Den "idealen" Teichbaum gibt es also kaum. Bäume haben neben optischen Aspekten vor allem den Vorteil, dass sie den Teich abschatten. Ein Baum an der Nordseite des Teiches bringt also nichts. Wenn man den Teich in die Nähe - aber ausserhalb des Kronenbereiches - eines vorhandenen Baumes baut und sich vergewissert hat, dass es sich nicht um ein Exemplar handelt, dessen Wurzeln die Folie gefährden, kann man beim Graben immer noch auf Wurzeln stossen. Diese gräbt man so weit als möglich auf und schneidet sie ab. Das entstandene Loch füllt man mit Magerzement (1 zu 7) auf. Weiter sollte der Teich schon seine 5 Stunden Sonnenlicht pro Tag bekommen. Eine Stelle, die durch Bäume vollkommen abgeschattet ist, eignet sich deshalb als Standort weniger.

Unter diesen Umständen schlage ich vor, Du gehst zuerst einmal an die Planung und fragst zu gegebener Zeit nach, was die Spezialisten unter uns (dazu gehöre ich nicht) von der einen oder anderen Art halten. Am besten konkret benennen ("was haltet Ihr von einem __ Rhododendron ??") - es gibt einfach zu viele verschiedene Bäume.

Beste Grüsse
Stefan


----------



## Teichforum.info (24. Sep. 2003)

Hallo,

ich muß Stefans Erwartung etwas enttäuschen, denn ich habe mich noch nicht intensiv mit dem Thema auseinander gesetzt. Mit Bäumen am Teich hatte ich bisher fast nur Probleme, und das obwohl unsere Teiche wesentlich größer als durchschnittliche Gartenteiche sind und über eine permanente Wasserzufuhr verfügen. 

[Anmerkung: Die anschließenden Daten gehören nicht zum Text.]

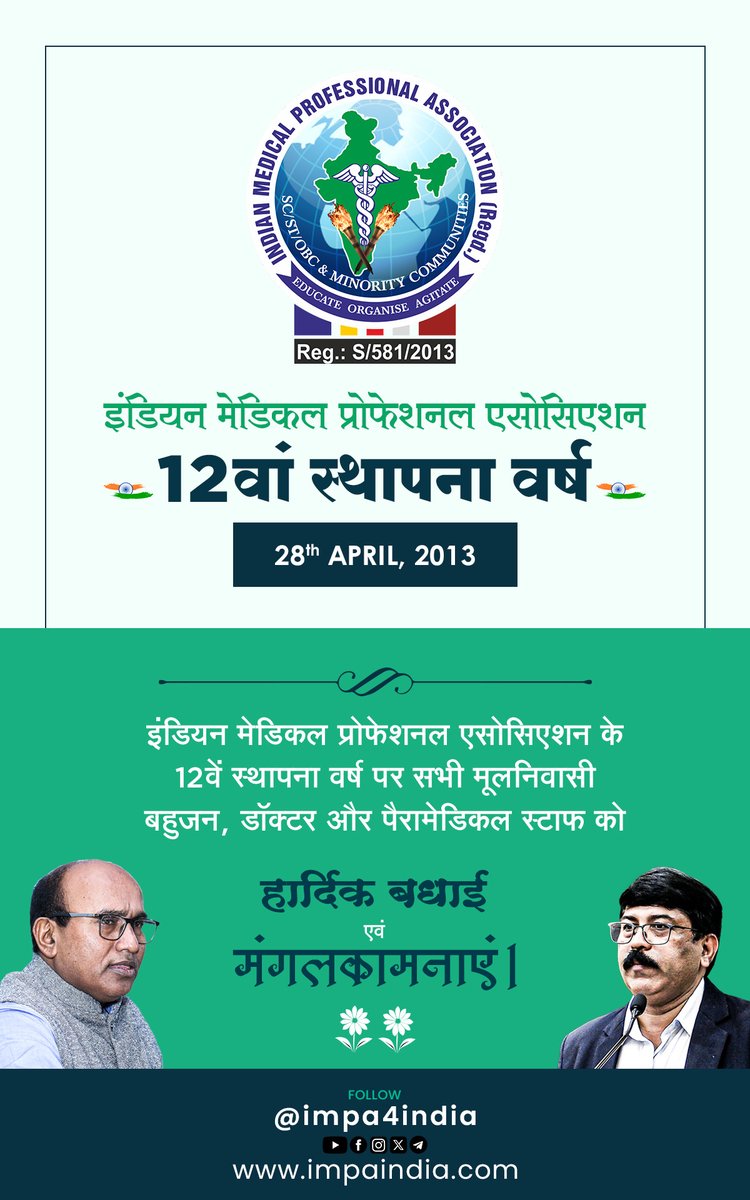 Hearty congratulations and Mangalkamnaaye to all the Mulnivasi Bahujan doctors and paramedical staff on the 12th foundation year of the Indian Medical Professional Association.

Der Kopfteich unserer Anlage hat eine Fläche von ca. 1000 qm. In ihn fliesst Wasser aus einem kleinen Bach und sollte von dort weiter in einen größeren Teich fliessen. Der Vorbesitzer hatte es sich leider in den Kopf gesetzt unbedingt Forellen in diesem Teich zu halten, und daher mußte die Wassertemperatur so tief wie möglich gehalten werden. Aus diesem Grund wurden alle Ufer dicht mit Bäumen bepflanzt und der Teich war extrem schattig. Wir haben den Großteil der Bäume entfernt, aber wir leiden jetzt unter dem Problem, daß die Wurzeln eine Seite des Teichs völlig durchdrungen haben. Die Teichwand ist dort regelrecht perforiert. Trotz ständiger Wasserzufuhr sinkt der Wasserstand so weit ab, dass nichts mehr im großen Teich an kommt. Das Laub im Teich war nie ein Problem, sehr wohl aber die Wurzeln. Sie sind alle eindeutig auf den Teich zu gewachsen, wahrscheinlich vom Wasser angelockt.

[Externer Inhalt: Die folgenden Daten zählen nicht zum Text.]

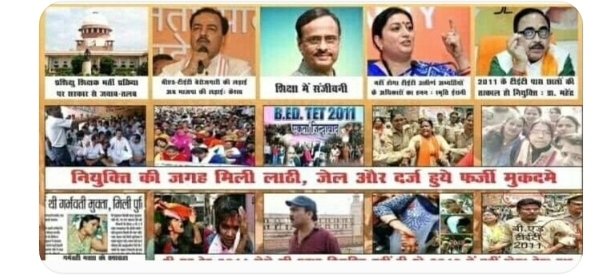 #बीएडटीईटी2011_को_इच्छामृत्यु_दो
आदरणीय मुख्यमंत्री जी इन अभ्यर्थियों ने आपका साथ दिया है इनको नियुक्ति देकर इनका भविष्य सुरक्षित करिए.।
<a href="/myogioffice/">Yogi Adityanath Office</a> <a href="/drdineshbjp/">Dr Dinesh Sharma BJP</a> <a href="/kpmaurya1/">Keshav Prasad Maurya</a> <a href="/AmitShah/">Amit Shah</a> <a href="/sunilbansalbjp/">Sunil Bansal</a> <a href="/JPNadda/">Jagat Prakash Nadda</a> <a href="/rashtrapatibhvn/">President of India</a> <a href="/narendramodi/">Narendra Modi</a> <a href="/aajtak/">AajTak</a> <a href="/ravishndtv/">ravish ndtv</a> <a href="/brajeshlive/">Brajesh Misra</a>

Bei einem kleinen Folienteich dürften die Probleme schlimmer werden. Die Wurzeln werden zwar nicht gezielt Richtung Teich wachsen (unter der Teichfolie ist es eher extrem trocken), aber irgendwann durchwächst eine Wurzel die Folie doch. Das Laub im Herbst kann auf keinen Fall im Wasser bleiben. Die Laubmasse aus einem durchschnittlich großen und durchschnittlich bepflanzten Garten ist einfach viel zu groß für einen kleinen Gartenteich. Gerbsäure und Huminsäure sind in kleinen Mengen sicherlich hilfreich, aber ab einer gewissen Konzentration auch schädlich. Die große Masse an Blättern wird auch bestimmt zu einer Art Jauche umgesetzt.

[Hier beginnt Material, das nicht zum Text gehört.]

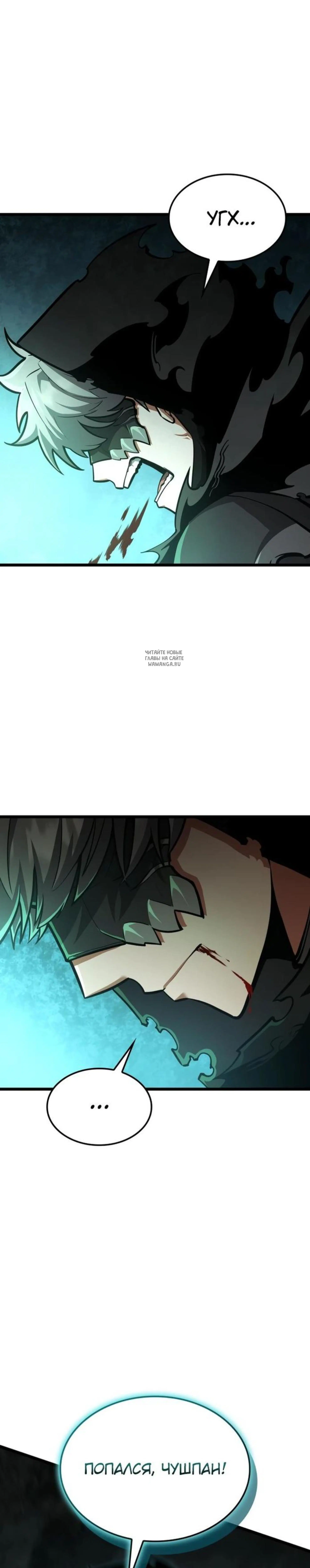Page 14.001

Natürlich gibt es eine Bäume die sehr schön am oder im Wasser aussehen. Die Trauerweide wurde schon genannt, ebenso schön sind der Knopfbusch oder die __ Sumpfzypresse. Alle am großen Naturteich durchaus zu halten, aber für den kleinen Folienteich habe ich keinen Ratschlag wie man diese Bäume halten könnte. Hat irgendjemand eine Idee?

Werner


----------



## Teichforum.info (25. Sep. 2003)

hallo dominique,

also bei mir ist es so, daß die bäume schon in etwa 10m entfernung vom teich entfernt schon standen, bevor überhaupt jemand an teich dachte- und auch bleiben. da es sich um uralte obstbäume handelt habe ich ganz einfach meine gewohnheiten einwenig geändert. öbstbäume sollten entweder im frühjahr oder im spätjahr nach dem blattwurf zurückgeschnitten werden. das problem liegt nach dem blattwurf (bis dahin hatte aber ich und mein skimmer schon jede menge arbeit) unter dem baum und im teich laub entfernen ,also was tun:

sobald die blätte im spätjahr gelb werden und beginnen zu fallen - sitze ich auf dem baum und schneide seine äste zurück (also ganz einfach ca. 2-3 wochen früher als üblich) dadurch wird der ganze baum schon fast blattleer und ich spare mir viel arbeit - denn die äste muß ich eh schneiden - also warum nicht früher und mit den blättern - was nicht mehr da ist kann nicht mehr fallen - dadurch spare ich jede menge arbeit.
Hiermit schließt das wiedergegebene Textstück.